▶ _EXERCISE INSTRUCTIONS_
Return the run of lines below that opens with the line containing "TABLE + ZEBRA PRINT CHAIRS" and closes with the line containing "Volkswagen Passat CC, 2021", keeping each one exact.

══ DATA SUPPLIED ══

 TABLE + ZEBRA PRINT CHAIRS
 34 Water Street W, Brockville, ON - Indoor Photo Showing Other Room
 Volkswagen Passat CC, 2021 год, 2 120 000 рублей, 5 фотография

═══
══ DATA SUPPLIED ══

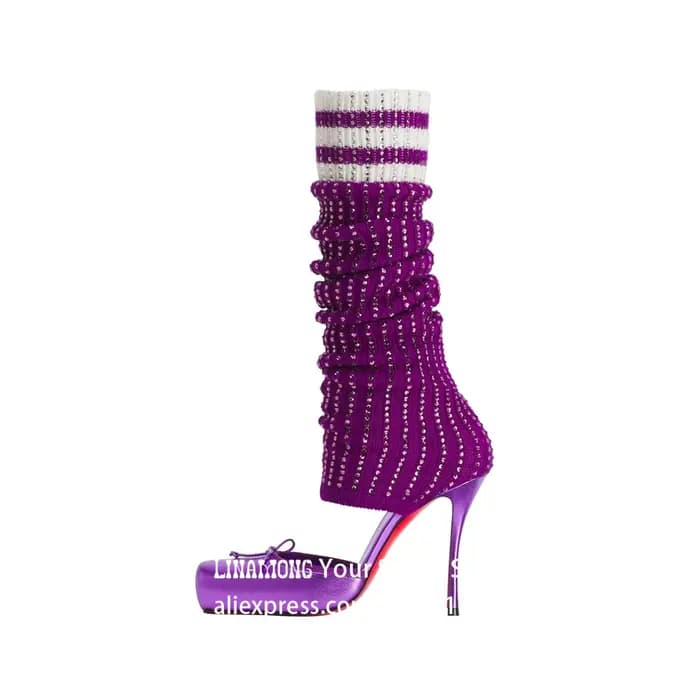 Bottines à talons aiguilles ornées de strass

═══

▶ _ANSWER TO THIS TASK_
 TABLE + ZEBRA PRINT CHAIRS
 34 Water Street W, Brockville, ON - Indoor Photo Showing Other Room
 Volkswagen Passat CC, 2021 год, 2 120 000 рублей, 5 фотография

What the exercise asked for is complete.